Community Wishlist Survey 2017/Search/Unlimited number of search results

From Meta, a Wikimedia project coordination wiki

Unlimited number of search results

  • Problem: Elasticsearch (Wikipedia search engine) has a hard-limit of 10,000 search results. This is to prevent DDoS attacks. However it means anyone wanting more than 10k will need to download a full Database Dump and use AWB or homegrown tools which is costly and slow. True for API:Search also.
  • Proposed solution: Deploy a solution so the Elasticsearch limit is lifted for trusted users/developers.
  • Who would benefit: Bot writers, anyone needing > 10k search results.

Discussion[edit]

Probably a good idea to bundle this with the bot flag? Headbomb (talk) 00:33, 10 November 2017 (UTC)[reply]

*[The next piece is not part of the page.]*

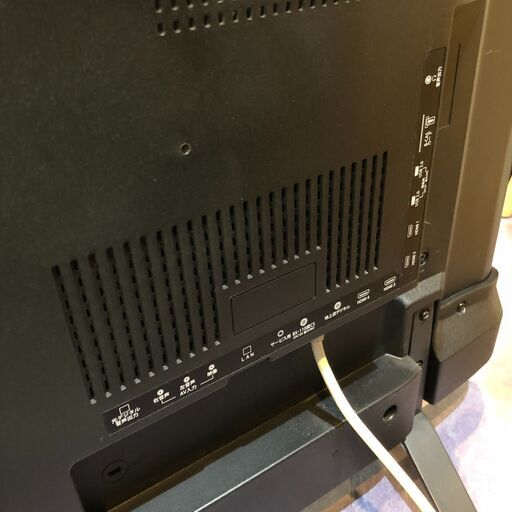 MAXZEN 50型 液晶テレビ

Perhaps it would nice to elaborate on the use-cases here, as described in the phab ticket there are technical limitations that may be hard to circumvent with the current api parameters. For example: is ranking still important for such use cases? Would the api client be OK to maintain more states on its side to help the search engine? The main blocker here is that the search engine needs to hold in mem offset+size results on multiple machines. In short to make this happen we'll certainly have to drop some features or make a dedicated API endpoint with a limited set of features. It's why I suggest to discuss about the use-cases here so that we can evaluate the feasibility. Thanks! DCausse (WMF) (talk) 09:09, 10 November 2017 (UTC)[reply]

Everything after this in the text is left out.